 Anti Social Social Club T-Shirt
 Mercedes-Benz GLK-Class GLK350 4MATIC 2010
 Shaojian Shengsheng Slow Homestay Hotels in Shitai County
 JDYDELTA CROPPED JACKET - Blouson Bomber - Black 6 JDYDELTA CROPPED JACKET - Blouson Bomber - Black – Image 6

---+---

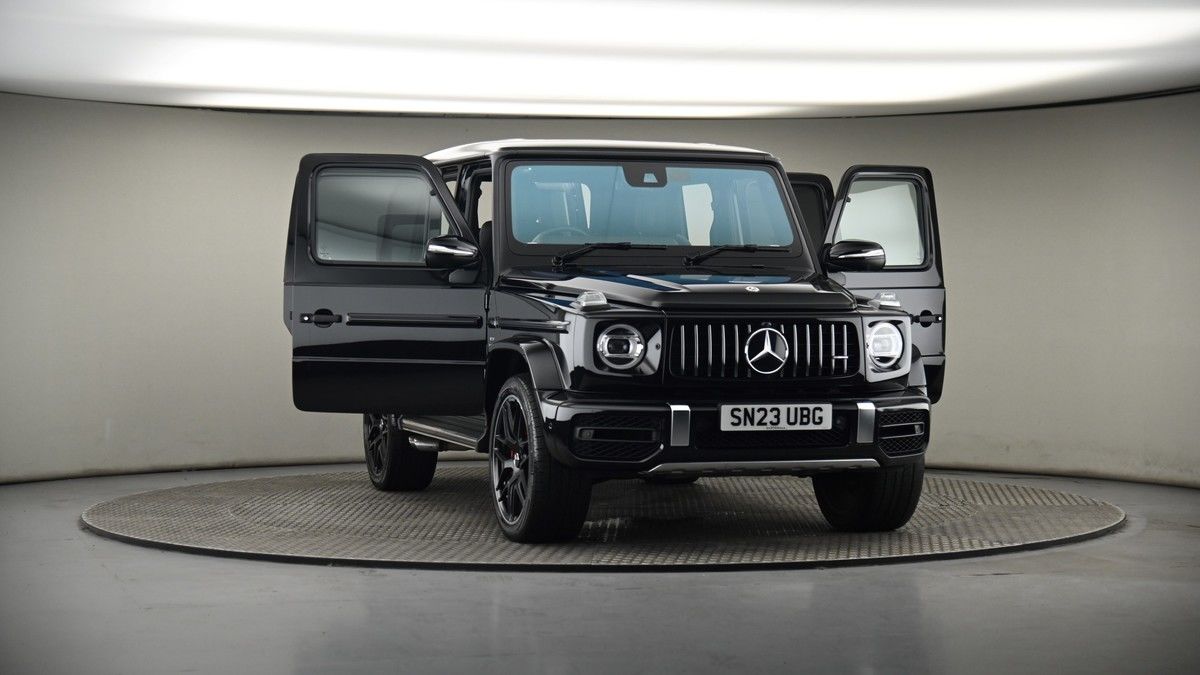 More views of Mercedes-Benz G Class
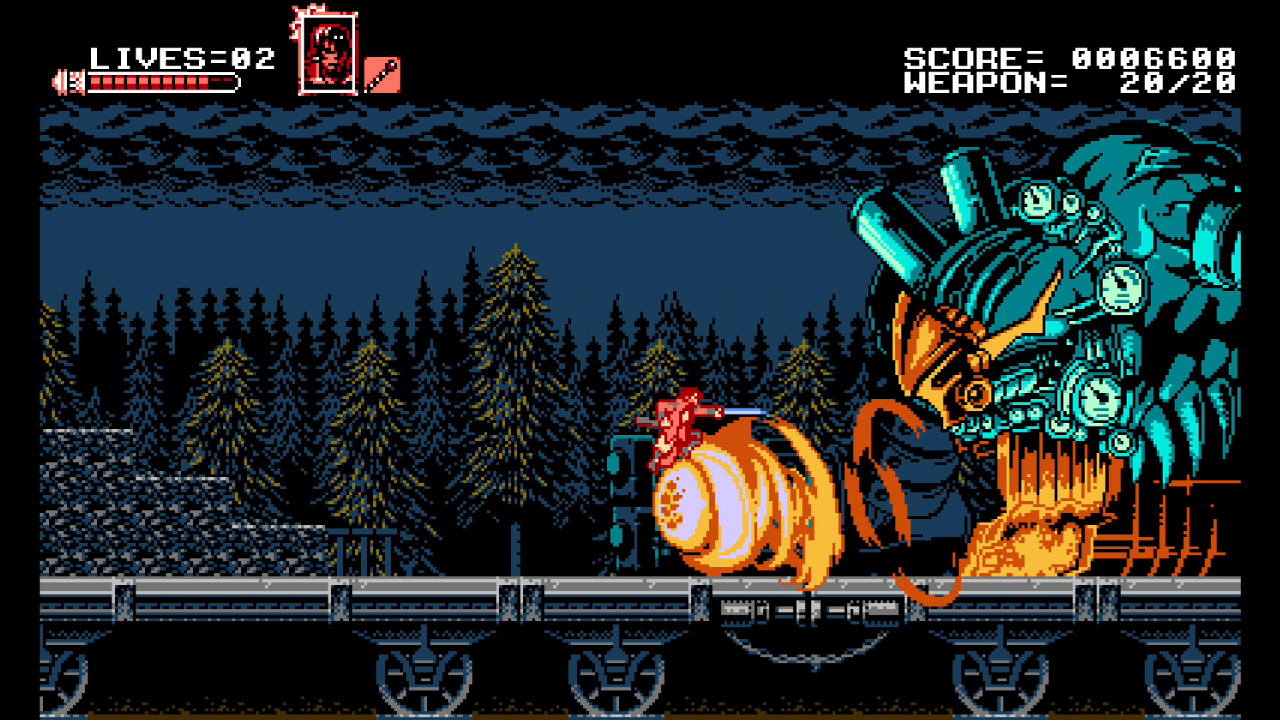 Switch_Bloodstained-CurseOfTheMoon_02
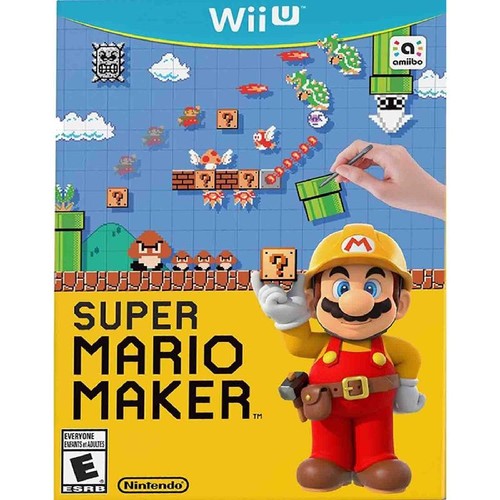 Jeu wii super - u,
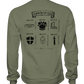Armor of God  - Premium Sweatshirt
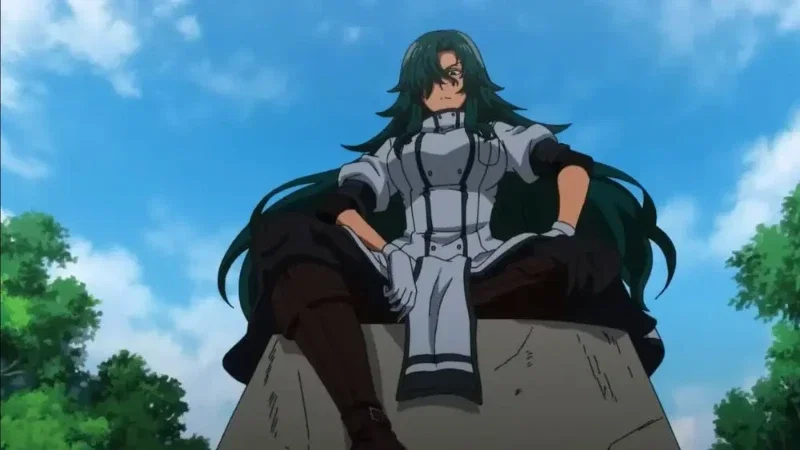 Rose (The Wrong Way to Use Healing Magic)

---+---

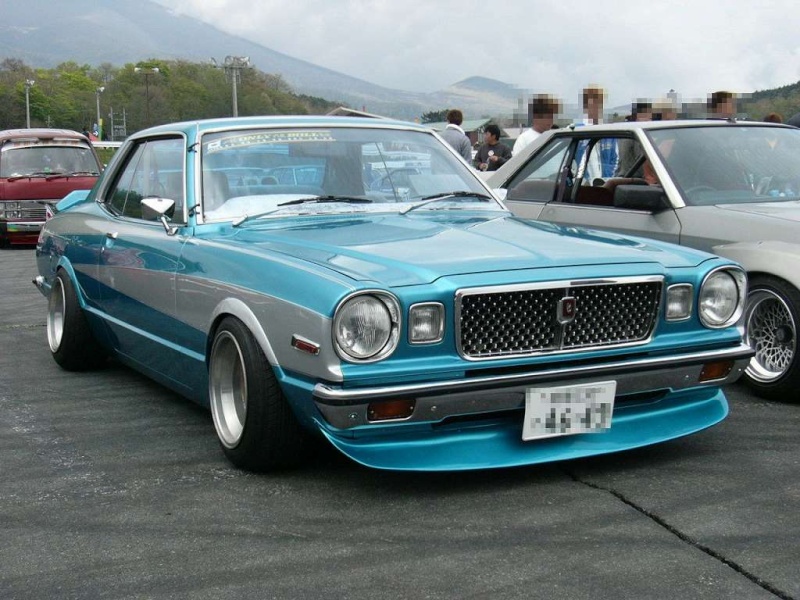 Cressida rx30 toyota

---+---

▶ [TASK STATEMENT]: Write down exactly what the lines above say, from the line holding "Armor of God" through the line holding "Rose (The Wrong Way to Use Healing Magic)", and nothing more. Do not copy the pictures.

▶ [RESPONSE TO THE EXERCISE]:
Armor of God  - Premium Sweatshirt
 Rose (The Wrong Way to Use Healing Magic)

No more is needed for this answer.